Jeanselme / Search_Engine

A search engine through different types of document.
GNU General Public License v3.0
0 stars 0 forks source link

Index #10

Open Jeanselme opened 7 years ago

Jeanselme commented 7 years ago

As than ReverseIndex, it would be interesting to save the name of the file at the beginning of the index, in order to have a full separation between creation and reading of the index. It would allow to index and create a reverse index latter. Because currently, both phases have to follow each other. Moreover, we could separate objects for reading and writing an index ?

clinm commented 7 years ago

I agree that we do need this kind of information in order to separate the process. But I am not sure that adding the filename at the beginning of the index is a good idea. Maybe in future enhancements we would want to add more and more information about one document (file extension, indexation date, person who added the document, etc).

I think an alternate way could be great. Maybe a .info or something like that stored as JSON (human readable).
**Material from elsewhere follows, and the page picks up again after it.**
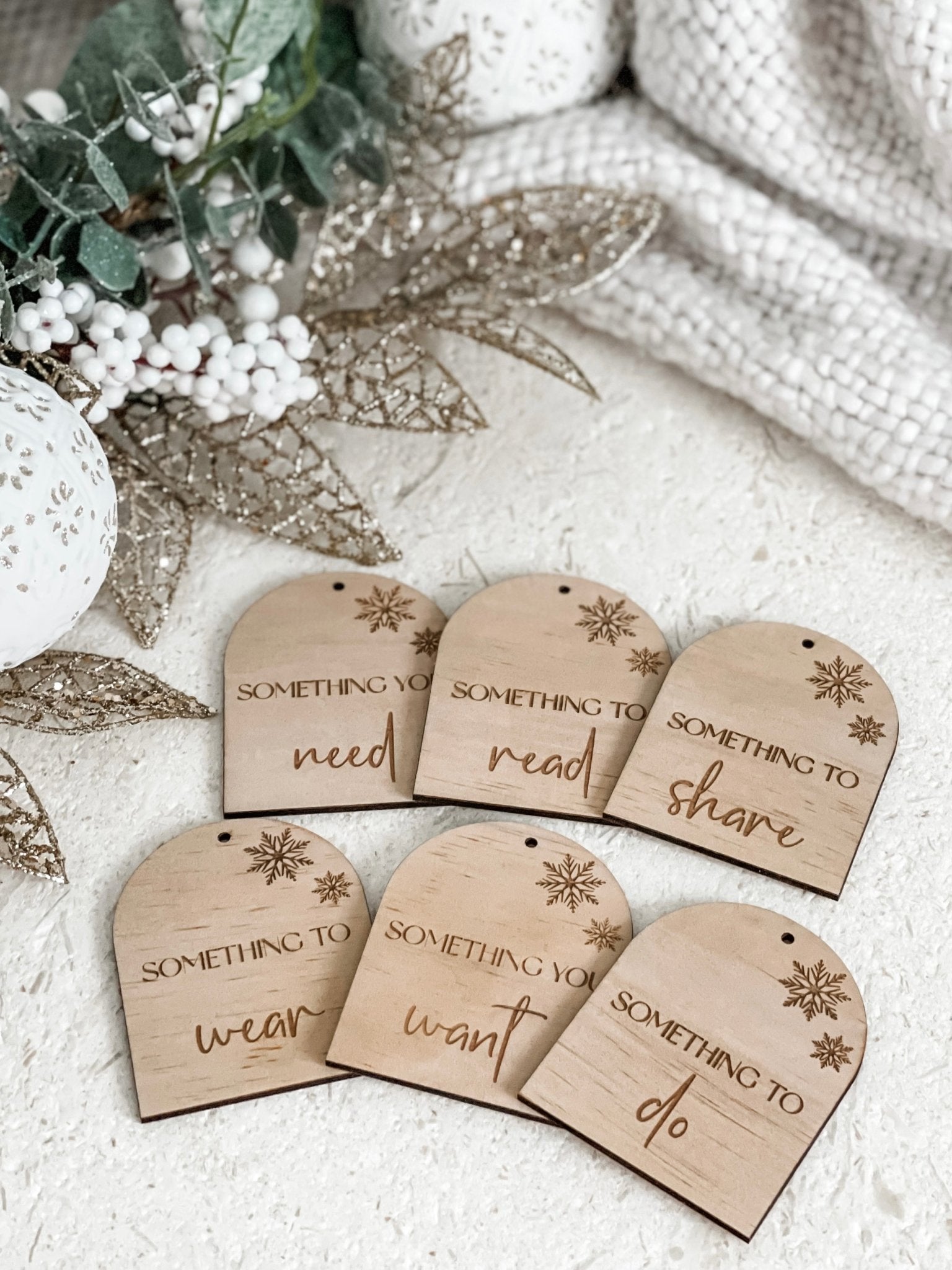 Mindful Gifting Tags - Plywood - The Humble Gift Co.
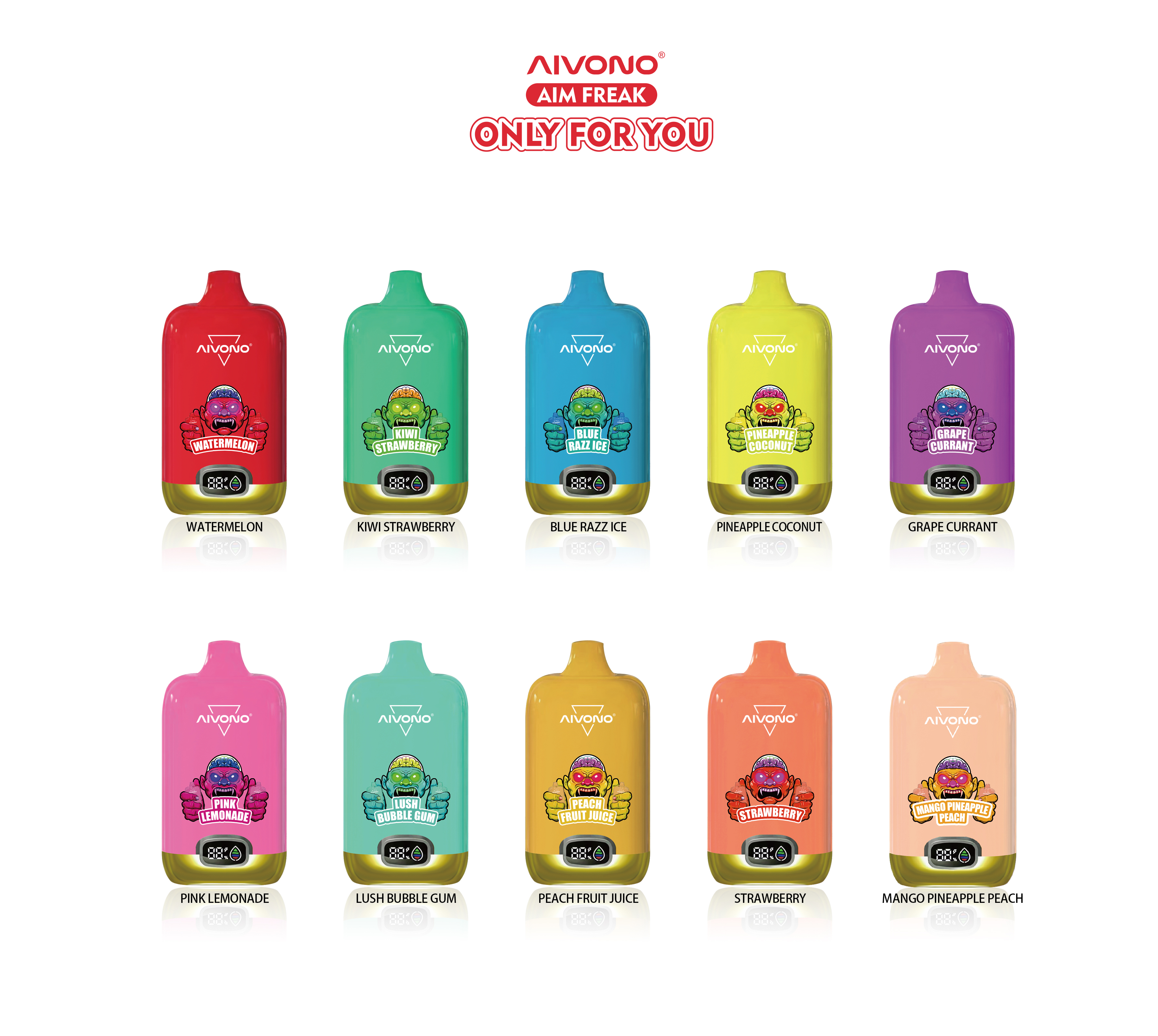 AIVONO Aim Freak 13000 Puffs (5 % Nikotingehalt)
This file could expand to our need and even stay after the indexation process (in order to retrieve and display additional information when using the research part.

Jeanselme commented 7 years ago

It would be interesting to call the index of the file by the hash of its text content, in order to avoid indexing two files which have the same content. Moreover, this way, we correct the following issue : if we give two files which have the same name, that would create conflict. The information in order to have the correspondence between the hash and the file name would be in the .info file.